WHAT IS REQUIRED: One part of the entries below is wanted: the lines from the one containing "A secretary signs documents in an office." through the one containing "Bunch of peeled". Write those out exactly and nothing else.

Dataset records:
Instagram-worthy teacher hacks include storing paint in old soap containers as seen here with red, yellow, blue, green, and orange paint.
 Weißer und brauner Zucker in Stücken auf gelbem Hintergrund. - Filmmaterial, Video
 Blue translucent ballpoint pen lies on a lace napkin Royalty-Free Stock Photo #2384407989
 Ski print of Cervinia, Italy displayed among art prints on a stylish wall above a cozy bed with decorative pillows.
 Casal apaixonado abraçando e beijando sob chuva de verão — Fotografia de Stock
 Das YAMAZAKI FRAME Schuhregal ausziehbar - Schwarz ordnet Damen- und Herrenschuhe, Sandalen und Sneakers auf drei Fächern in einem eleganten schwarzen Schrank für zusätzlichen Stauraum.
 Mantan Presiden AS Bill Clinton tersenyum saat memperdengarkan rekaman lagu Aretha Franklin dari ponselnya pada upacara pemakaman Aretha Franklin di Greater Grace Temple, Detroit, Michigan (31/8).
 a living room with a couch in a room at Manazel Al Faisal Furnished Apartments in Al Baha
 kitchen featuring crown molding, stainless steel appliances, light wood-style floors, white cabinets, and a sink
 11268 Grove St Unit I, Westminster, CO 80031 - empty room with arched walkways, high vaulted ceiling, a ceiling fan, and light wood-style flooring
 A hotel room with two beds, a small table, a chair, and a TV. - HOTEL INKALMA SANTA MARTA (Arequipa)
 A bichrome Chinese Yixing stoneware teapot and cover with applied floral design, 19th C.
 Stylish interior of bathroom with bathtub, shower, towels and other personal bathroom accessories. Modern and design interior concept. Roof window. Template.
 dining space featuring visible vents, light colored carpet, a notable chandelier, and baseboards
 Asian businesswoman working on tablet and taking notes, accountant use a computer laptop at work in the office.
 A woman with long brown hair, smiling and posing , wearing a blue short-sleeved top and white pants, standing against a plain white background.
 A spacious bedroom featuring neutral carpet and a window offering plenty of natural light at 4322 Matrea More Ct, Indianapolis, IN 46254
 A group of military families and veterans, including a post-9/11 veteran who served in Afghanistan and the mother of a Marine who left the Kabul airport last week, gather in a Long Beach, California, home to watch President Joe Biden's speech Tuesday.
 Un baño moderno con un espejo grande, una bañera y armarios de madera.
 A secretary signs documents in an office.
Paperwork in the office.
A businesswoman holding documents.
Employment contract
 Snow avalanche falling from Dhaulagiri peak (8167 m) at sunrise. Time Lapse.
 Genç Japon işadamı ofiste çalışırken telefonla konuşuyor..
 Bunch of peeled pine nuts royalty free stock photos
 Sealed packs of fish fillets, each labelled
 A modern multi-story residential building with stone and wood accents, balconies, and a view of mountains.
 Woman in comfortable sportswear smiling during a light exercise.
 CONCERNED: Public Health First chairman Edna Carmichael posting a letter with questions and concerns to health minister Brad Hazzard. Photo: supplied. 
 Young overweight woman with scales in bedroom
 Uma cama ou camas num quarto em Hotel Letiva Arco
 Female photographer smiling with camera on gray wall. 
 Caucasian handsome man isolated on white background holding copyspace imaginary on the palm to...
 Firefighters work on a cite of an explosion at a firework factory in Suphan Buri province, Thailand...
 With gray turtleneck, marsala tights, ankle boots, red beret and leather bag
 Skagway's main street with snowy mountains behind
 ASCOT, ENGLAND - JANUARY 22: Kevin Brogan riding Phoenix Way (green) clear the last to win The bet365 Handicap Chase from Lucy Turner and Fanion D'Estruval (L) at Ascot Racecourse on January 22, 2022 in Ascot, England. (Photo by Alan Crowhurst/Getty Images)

WRITTEN RESPONSE:
 A secretary signs documents in an office.
Paperwork in the office.
A businesswoman holding documents.
Employment contract
 Snow avalanche falling from Dhaulagiri peak (8167 m) at sunrise. Time Lapse.
 Genç Japon işadamı ofiste çalışırken telefonla konuşuyor..
 Bunch of peeled pine nuts royalty free stock photos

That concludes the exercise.